Miedo a no llegar a fin de mes: ¿cuántos cursos debo impartir o cuántos pacientes tengo que ver para cubrir mis gastos y pagarme un sueldo? Arrancar con un proyecto y no ver los números esperados desde el minuto cero nos intranquiliza y nos muestra fantasmas donde no los hay. No te despistes y te entretengas por el camino del dinero fácil. Todo aquello que hagas y que no puedas relacionar directamente con tu proyecto sólo te hará perder el tiempo. Los resultados siempre llegan, pero a veces hay que sembrar durante mucho tiempo para cosechar los frutos.
No tengas prisa, esta carrera la ganarás con mucha persistencia y pinceladas de paciencia.

Miedo al rechazo social: ¿por qué necesitamos gustarle a todo el mundo? No lo sé, lo que sí sé es que cometemos el error de intentar gustar a “todos” con demasiada frecuencia. Todo, absolutamente todo lo que hagas en tu vida y en tu proyecto tendrá retractores. Asúmelo y no luches contra ello.
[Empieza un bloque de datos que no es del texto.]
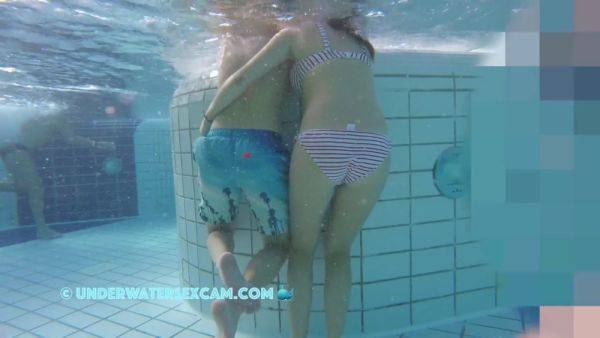 I Would Donate 1000 Bucks If She Takes Off Her Bikini Top - hclips.com on poweredporn.com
Ten la suficiente madurez para escuchar las críticas y luego contestar: “agradezco tu interés, reflexionaré tus palabras y tomaré mis decisiones”, pero nunca te infravalores por las palabras de nadie.

Miedo al fracaso: ¿qué entiendes por el fracaso? ¿No conseguir lo que esperabas lograr en el instante que habías pensado lograrlo? Uno sólo fracasa si no lucha por lo que desea, si no lo intenta, si se queda en su zona de confort. El resto son tropiezos que se revisan, se analizan y se corrigen. Y, en el caso que no valgan, se desechan. Sólo quien ha tenido muchos fracasos alcanzará el éxito.
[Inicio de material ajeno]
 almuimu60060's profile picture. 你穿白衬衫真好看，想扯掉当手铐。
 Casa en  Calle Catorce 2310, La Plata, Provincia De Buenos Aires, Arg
Miedo a perder el poder: ¿por qué nos aterra creer que alguien nos levantará de la silla en la que hemos aposentado temporalmente nuestros traseros? Es agotador estar evitando mostrar continuamente nuestros proyectos por si otro los copia. En el fondo, ¿has pensado que, si finamente nos copian, es porque la idea es buena? Vívelo como un elogio y enseña lo poco o mucho que sepas a quien quiera aprender. Es más fácil llegar a la meta si se trabaja en equipo, que haciéndolo solo.

Miedo al cambio: más vale lo malo conocido que lo bueno por conocer. ¿Escuchaste alguna vez este refrán? Cada vez estoy más convencida que lo dijo alguien a quien le paralizaba saber que su mundo podría cambiar y, con sus palabras, calmó su conciencia pretendiendo que si él o ella no podía, nadie debería atreverse. Los cambios significan movimiento, huida de lo estático. Si no nos movemos, ya estamos muertos. Y hay demasiados muertos vivientes como para incrementar la lista de adscritos.